On top of the topmost tip layer, there is placed a push plate 8. Said push plate comprises, in correspondence to the matrix of the tip layer, push holes 11 with a diameter larger than the diameter of the top part of the tip (FIG. 3). The edge of the push hole is provided with inwardly extending, flexible flaps 12. When the plate positioned on top of an inverted tip is pressed down, the flaps give way, so that the plate slides to underneath the tip. The flaps are arched in shape and six in number, and they are arranged symmetrically around the hole. The smallest diameter of the hole defined by said flaps is larger than the diameter of the bottom end of the top part of the tip. Thus the plate positioned on top of the inverted tips is placed at the top part of the tip.
On both sides of the push plate 8, there are provided two brackets 13 extending to outside the shell. The bracket ends are directed in an upwardly inclined position. At the sides of the shell 9, at each tip layer, there are provided notches 14 where the brackets fit in, when the push plate is placed at the top part of the pipettes of the layer in question. The shell and the push plate brackets are somewhat flexible, so that the plate can be made to move within the shell by pressing it. Owing to these brackets and notches, the plate and the tips remain tightly and securely packed inside the pack, although it is turned upside down.

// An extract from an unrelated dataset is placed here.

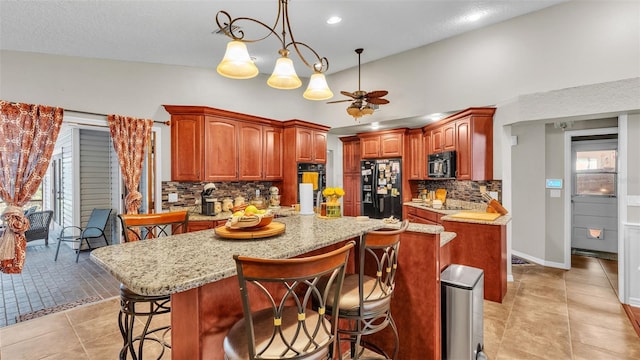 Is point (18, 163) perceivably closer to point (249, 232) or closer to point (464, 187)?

The bottom plate 7 and the push plate 8 are advantageously made of some plastic suitable for the purpose. The shell 9 is advantageously made of some cardboard or carton suitable for the purpose.

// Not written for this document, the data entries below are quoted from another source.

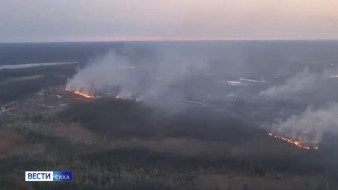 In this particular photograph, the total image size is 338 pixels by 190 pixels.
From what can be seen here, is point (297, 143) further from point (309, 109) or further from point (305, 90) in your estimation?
point (305, 90)

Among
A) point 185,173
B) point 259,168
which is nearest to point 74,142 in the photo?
point 185,173

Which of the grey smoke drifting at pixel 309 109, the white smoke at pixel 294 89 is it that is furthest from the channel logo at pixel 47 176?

When an empty tip rack 1 should be refilled, it is placed upside down on top of the tip stack contained in an opened refill pack 2, so that the tips 5 match in the holes 4. Now the top edge of the rack is placed against the push plate 8. At this stage, the push plate is located at the topmost tip layer. The rack is pressed downwards, so that the flaps 12 provided in the push plate give way, and the push plate slides through the topmost tip layer. Finally the rack and the pack are together turned around, the grip of the rack is released and the pack is lifted off the rack and turned around again. FIG. 5 illustrates how the last layer of the tip stack is dispensed.

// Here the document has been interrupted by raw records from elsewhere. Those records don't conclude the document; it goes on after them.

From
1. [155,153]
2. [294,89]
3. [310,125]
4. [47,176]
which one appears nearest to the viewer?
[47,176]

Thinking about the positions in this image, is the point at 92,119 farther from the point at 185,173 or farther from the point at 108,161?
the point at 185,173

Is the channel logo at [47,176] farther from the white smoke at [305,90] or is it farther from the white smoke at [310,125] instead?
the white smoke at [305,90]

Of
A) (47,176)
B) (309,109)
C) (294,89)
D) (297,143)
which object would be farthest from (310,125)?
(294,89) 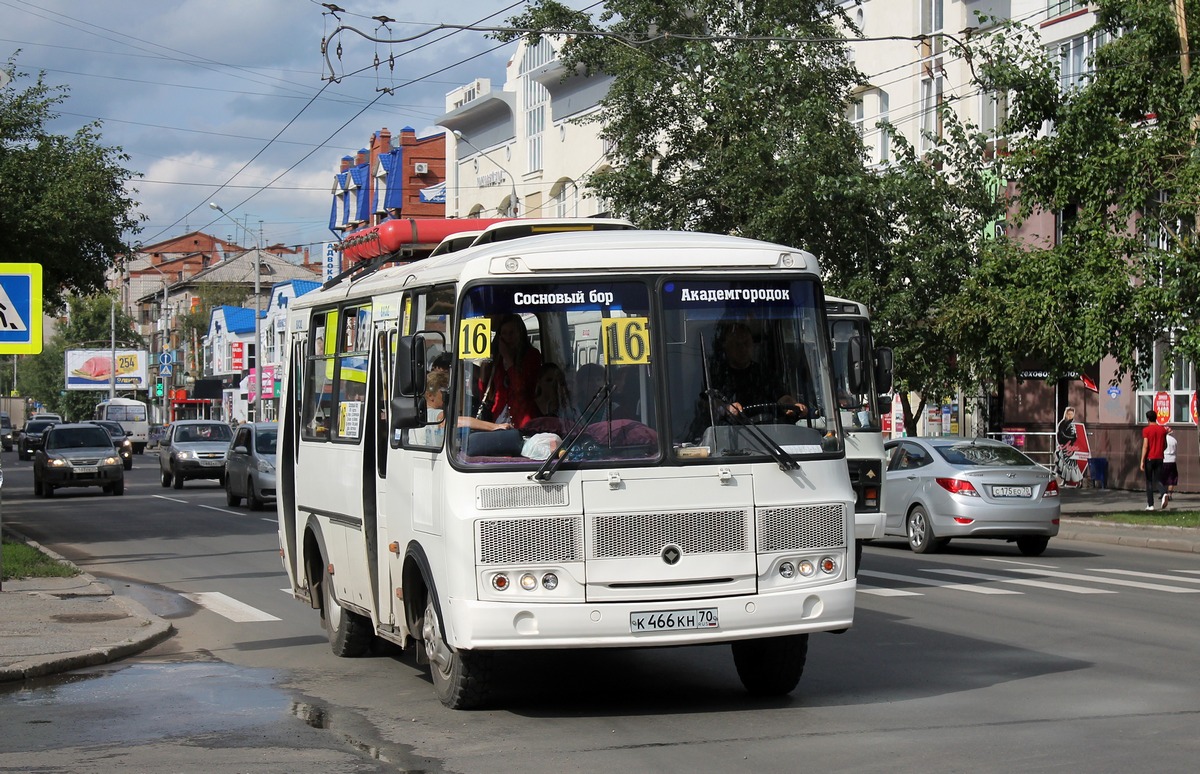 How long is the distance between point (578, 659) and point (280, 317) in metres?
92.7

During the use and storage of the pack 6, the bottom plate 7 is permanently supported against the bottom of the shell 9. When dispensing the tips, the bottom plate is supported via the shell against the table, in which case any special strength is not required of it.
In the pack 6, the tips 5 rest on the bottom plate 7, and the push plate 8 only keeps the tips in place in the matrix. During normal transportation and storage, the tips should not be easily pushed through the push plate by accident. During dispensing, the push plate 8 is supported against the rack. The tips remain supported by the push plate only for a short while at the final stage of the dispensing process. Thus any special strength is not required of the push plate, either.
The push plate 8 does not need to hold the tips 5 in the pack during transportation and storage. Thus the flaps 12 can be made so that their resisting strength is as small as possible. This is an important advantage, and the more important, the more there are tips in the matrix in question. Owing to the small resisting strength, also the strength required of the pack is smaller, in which case it is further possible to save in material expenses. Moreover, the dispensing is always carried out more pleasantly, the smaller the strength that should be applied.
The shell 9 is perforated throughout by horizontal lines 15, so that the shell is composed of tear-off strips 16. When a new pack is opened, first the topmost strip is torn off, so that the lid 17 is removed. Along with removing tip layers from the pack, strips are torn off at the top edge. Thus it is not necessary to insert the rack 1 deep inside the shell. The pack also takes up less and less space along with the dispensing of the tips. Moreover, the user can easily decide, on the basis of the height of the pack, how many tips there are left, even if the shell is made of some opaque material. Between dispensing operations, the shell can be covered with the lid, which now protects the tips from dust, for example.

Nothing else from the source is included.